Liebe Alle!

  Wie angekündigt möchten wir euch zu einem Diskussionstreffen einladen:

  Zeit: 14.11.2007, 18.00
  Ort: wird bekannt gegeben

  Das Treffen dient hauptsächlich dazu, nicht durchdachte ad hoc
  Entscheidungen zu vermeiden und eine breiter gefächerte Diskussion zu
  ermöglichen.

  das klingt grundsätzlich viel konstruktiver und transparenter.
  Habe jedoch an dem Termin leider keine Zeit; deponiere daher schriftlich in 
dieser Mailingliste meine Einwände/Anregungen - ob's hilft oder nicht, ist ja 
inzwischen eigentlich schon lange ... schnurz, möchte ich sagen.

  Es versteht sich als Vorbereitung zur Ausarbeitung von fundierten Anträgen
  zum Community Plenum.
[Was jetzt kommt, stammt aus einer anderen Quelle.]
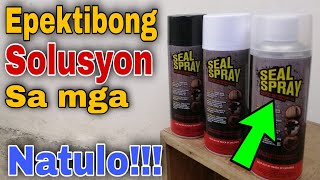 Seal Spray PH  Seal Spray Product Review and Testing  Mabisang Pantapal chitman [upl. by Ezechiel]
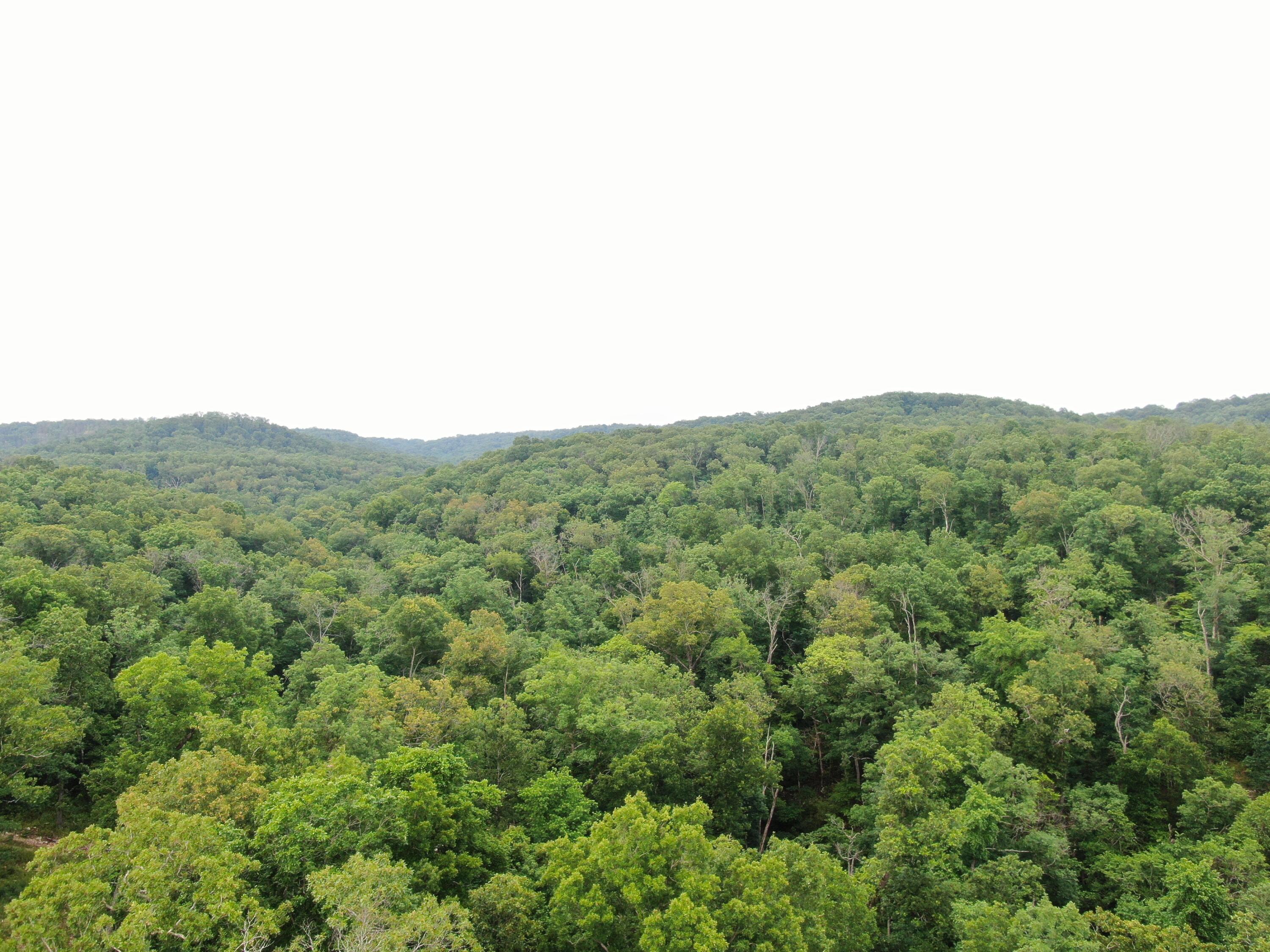 Lot 6 Scenic Heights Property Photo 4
Um in der herrschenden Komplexität nicht vom 100sten
  ins 1000e zu gelangen, schlagen wir eine Fokussetzung in folgenden
  Arbeitsgruppen vor:

  .Interne Organisation 
  .Gleichheitsgrundsätze
  .Geldvergabemechanismus
  .Laufende Validierung
  .Doku online
  .Online Auftritt
  .PR
  .Technik an und für sich 
  .Zeitplan und Budget 2008
  .Evaluierung

  Und wo ist die Frage der persönlich, spendenartigen Umverteilung auf der 
Agenda?
  Nun, es sieht etwaig doch danach aus, als verliefe sie im Sande (was mich ja, 
da ich wie dargelegt ja auch nicht an Gutmenschen glaube, geschweige denn 
solche Mentalitäten als realistisch oder gar uneingefärbt von für mich 
fragwürdigen Ideologien ernstnehmen möchte, nicht wundern würde ....) ...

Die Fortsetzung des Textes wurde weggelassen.